人生には思いもよらぬことが起きるもの。肩の力を抜いて柔軟に「私の生き方」を見つけていこう――。先輩たちが半生を振り返って贈る、珠玉のメッセージ。日経WOMANの看板リレー連載を、日経ARIA読者にお届けします。スタイリスト大草直子さんの第3回、中南米での自由な半年間を過ごして日本へ戻った大草さん。結婚、出産、離婚を経て精力的に仕事に取り組み、そして再婚。新しい家族の形と自由な生き方を見つけます。

(1)明るく活発な少女時代の「不登校」
(2)情熱注いだ雑誌の仕事を辞め、旅へ
(3)新しい家族の形、自由な生き方 ←今回はココ


大草直子
大草直子 1972 年生まれ 。大学卒業後、婦人画報社(現・ハースト婦人画報社)に入社。雑誌『ヴァンテーヌ』で編集のキャリアを積んだ後、南米へ遊学。帰国後、ファッション誌、新聞、カタログを中心にスタイリングをこなす傍ら、イベント出演や執筆業にも精力的に取り組む。WEBマガジン「mi-mollet」のコンセプトディレクター。新媒体「AMARC」を主宰。近著に『大草直子のNEW BASIC STYLE』(三笠書房)。ベネズエラ人の夫と3人の子どもがある。

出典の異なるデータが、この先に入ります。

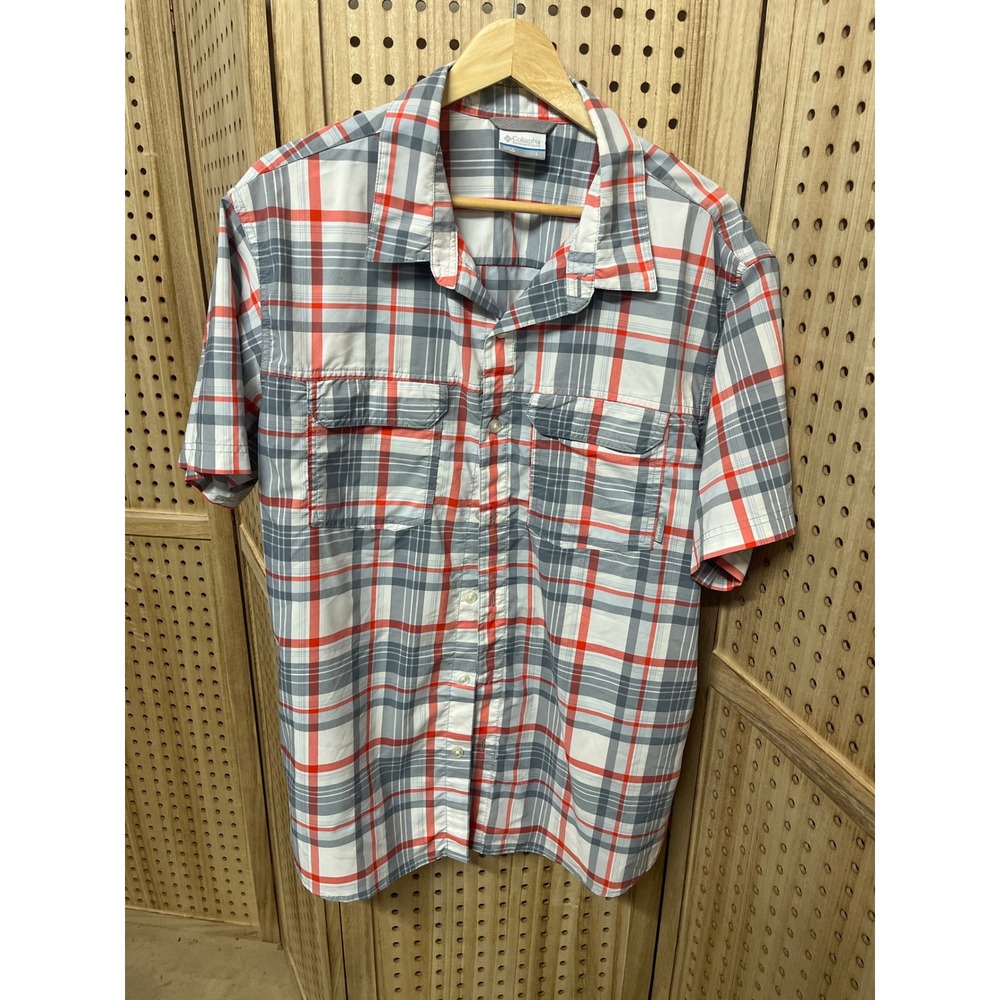 Columbia OmniWick Mens Large Short Sleeve Plaid Button Down Shirt Red Grey White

 27歳のとき、就職浪人までして入りたかった会社を辞め、「今までの何かを壊さなければ」という、強迫めいた思いで自分を自由な場所に解放しようと、アメリカ経由でドミニカ共和国にイン。見知らぬラティーノたちと2000年のニューイヤーを盛大に迎え、メキシコ、キューバ、ブラジル、再びメキシコと、気の向くままに「ダンスとお酒」の放浪の旅をしました。

 半年ほど遊び歩いたこの経験は、キャラクター、価値観、仕事の仕方、人生の考え方……私のすべてを壊してくれました。引っ込み思案は影も形もなくなり、「楽しむことがすべて」と思い切り、女性であることの素晴らしさや美しさは、仕事でも、自分自身のおしゃれ、生き方においても表現していいんだ、と安堵したのです。祖母の具合が悪くなって帰国したのですが、濃くて熱いあの半年間の記憶は、今でも原色のまま私のなかにステイしています。そして、覚悟は確かに決まりました。「仕事をしよう。10年分遊んだから、10年は文句を言わずに働こう!